In a standard ESP configuration, fluid flows directly through the gas separator before entering the pump stages. In a system that incorporates a boosted gas separator, the fluid is introduced through an intake, where it is compressed by a gas handler pump before entering the separator, which enhances recirculation. The pre-compressed fluid is then routed to the gas separator, before reaching the lift pump. This process improves gas separation by diluting the gas concentration and stabilizing flow, with pressure losses in the annulus offset by inducer-generated lift.”

 



Fig. 1. Standard configuration vs. boosted gas separator, where pre-compressed gas improves separation.

 


     Another innovation now in common use is permanent magnet motors to run the ESPs, which results in vastly improved efficiency. I wrote about permanent magnet motors in oilfield applications a few months ago.

     Another design enhancement has been the use of computational fluid dynamics (CFD), which enables modeling, simulation, and validation under different configurations.

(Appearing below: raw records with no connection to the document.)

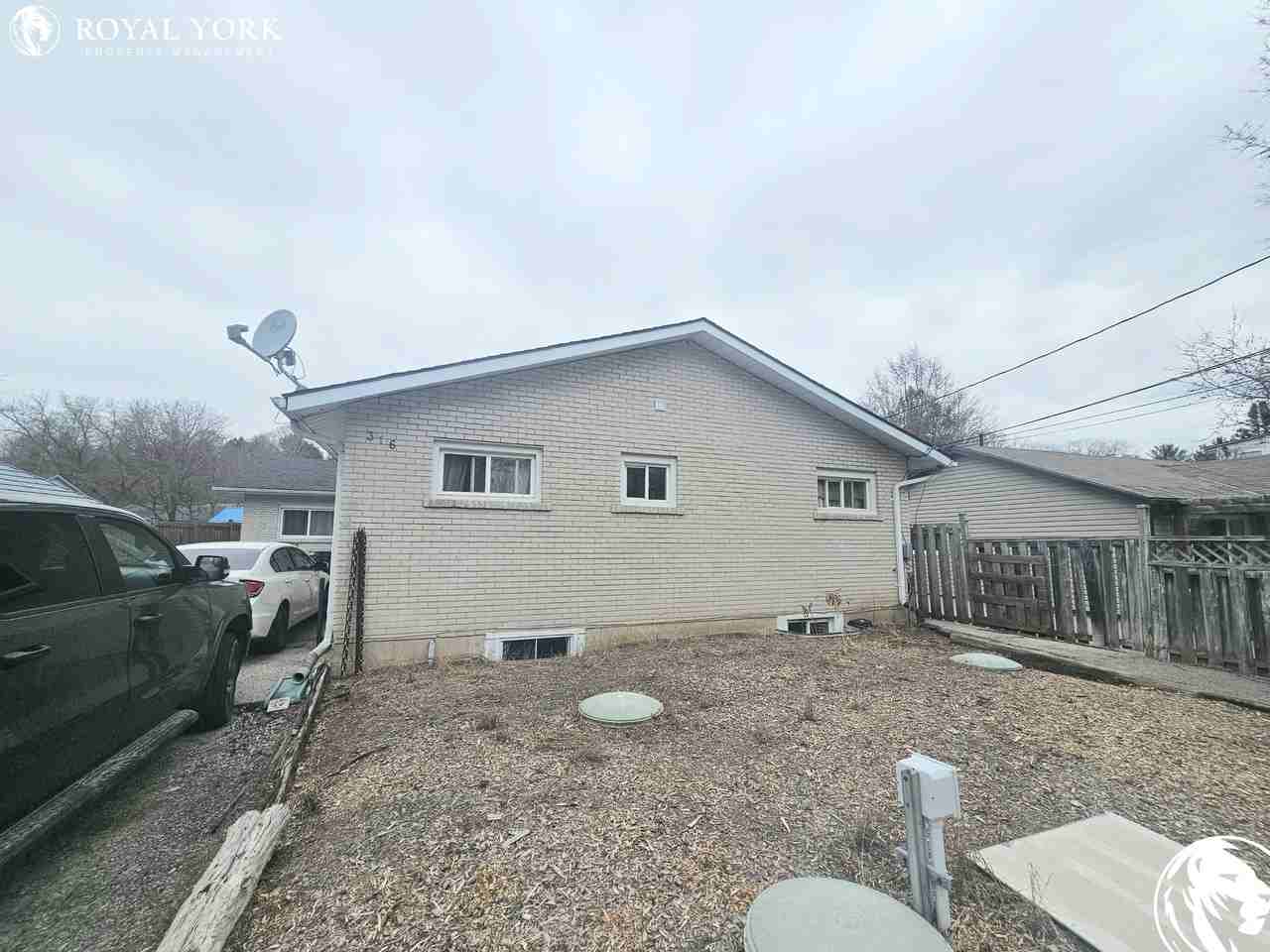 2-316 Shanty Bay Road, Barrie, Ontario L4M 1E7 - Photo 2 of 15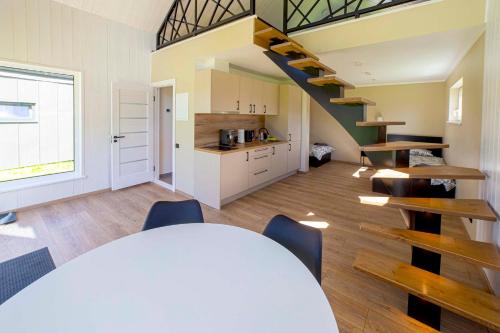 Skats, LUCKY LAKE HOLIDAY HOUSES by Vidzemes Laivas in Burtnieki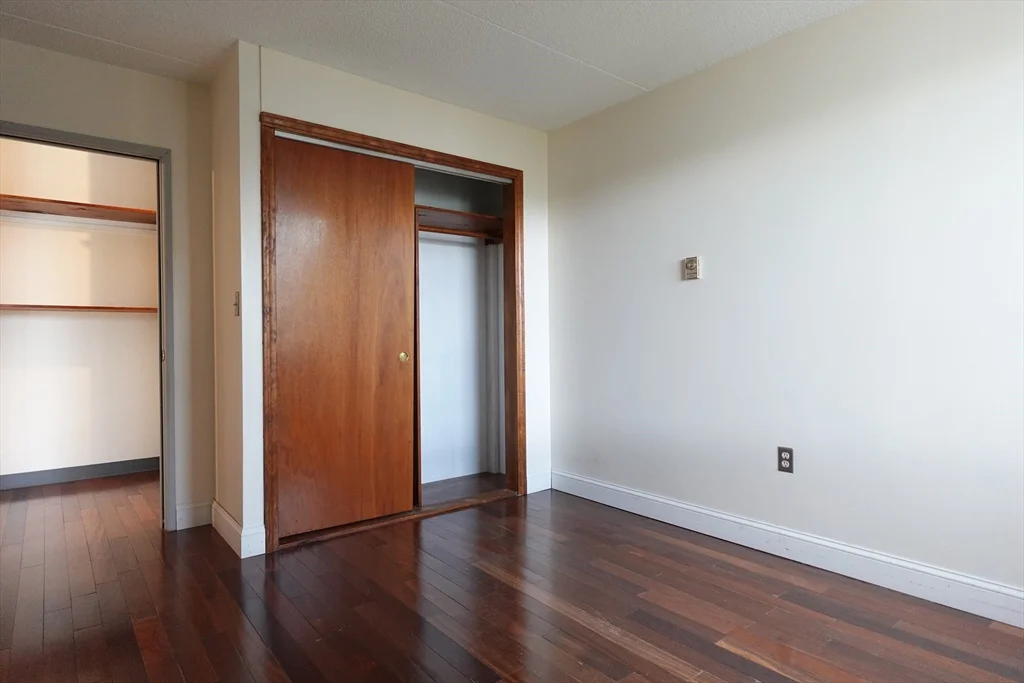 37 Skyline Dr, Braintree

The most notable improvements in separator efficiency were observed at liquid rates above 2,000 bpd, representing a typical 40% increase over traditional gas separators. This improved separation enables ESPs to sustain a throughput of 3,000 bpd, while achieving bottomhole pressures as low as 1,000 psi, in wells producing more than 1,000 MMscfd. As a result, drawdown and production are maximized in high-GVF unconventional environments.”

 



Fig. 3. CFD analysis shows that adding a booster pump improves gas separation and sends more liquid to the pump across all GVF levels.

 

     Baker Hughes has been field testing this boosted gas separator since October 2021, with the pump achieving 934 run days. They now have 136 ESPs in the Permian Basin and 146 in other places around the world, with the separator installed. These are installed in wells with variable production rates and variable GORs. One well showed increased production of 500Bbls per day over 60 days. The chart below shows performance improvements of the boosted gas separator over gas lift, a common method of artificial lift that injects gas into the production tubing to reduce fluid density and help bring hydrocarbons to the surface.

 



Fig. 4. This chart shows the average oil production before and after ESP installation, demonstrating that installing ESPs in these six wells increased oil production in all of them by an average 90%.

 


     A new multiphase ESP system has improved production in wells susceptible to gas slugs. Gas slugging can result from undulations in well laterals, including land the well unintentionally below the target zone and coming up into it, creating a sump effect at the beginning of the lateral. Gas slugging can lead to gas lock, frequent pump cycling, and motor overheating. The multiphase ESP system is installed in 1300 locations in the U.S. and combined with the boosted gas separator, PMMs, and an efficient gas handling pump, it can lead to significant production increases. These solutions will remain important as the amount of associated gas from oil wells continues to increase.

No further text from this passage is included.